The cross stands alone.
There were other points, at other times, where the redemptive plan of God peeked through our bondage to sin. God’s admonition to Cain. His preservation of Noah. His covenant with Abraham. Deliverance from Egypt through the Red Sea. The Law and tabernacle. The giving of Canaan and removal of the Nephilim, when God fought for Israel. Cycles of salvation in Judges. David. Preservation of a remnant of Israel. The rebuilding of the temple.
But the cross stands alone.
On it was Jesus. God’s unique son. Fully God, fully man. Sinless. Perfect. And on that cross, a sacrifice for you and for me. He took the curse, the full weight of sin, upon his sinless shoulders, and atoned.

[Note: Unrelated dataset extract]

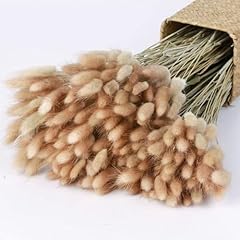 Donghome 120pcs bunny for sale  Delivered anywhere in USA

He cried out, from Psalm 22, “it is finished.” His work was the answer, the final work, the finished work. His sacrifice paid it all. In his death—and the life that preceded it, and the resurrection that followed—is our redemption and rescue and salvation.
His cross does not simply proclaim rescue from sin and death. It proclaims life. It provides our way back, our restoration, our sanctification as well as our justification, because in the work of Jesus is our entire hope.
Our identification with this Savior, on this cross, is our life. We have been crucified with Christ. It is no longer we who live, but Christ who lives in us. And the life we now live in the flesh we live by trusting this Son of God, Jesus, who loves us and gave himself for us (Galatians 2:20).
In power, in finality, and most amazingly in love, the cross stands alone.
Can’t wait to meet our Savior face to face, who for love bore it all so we might live.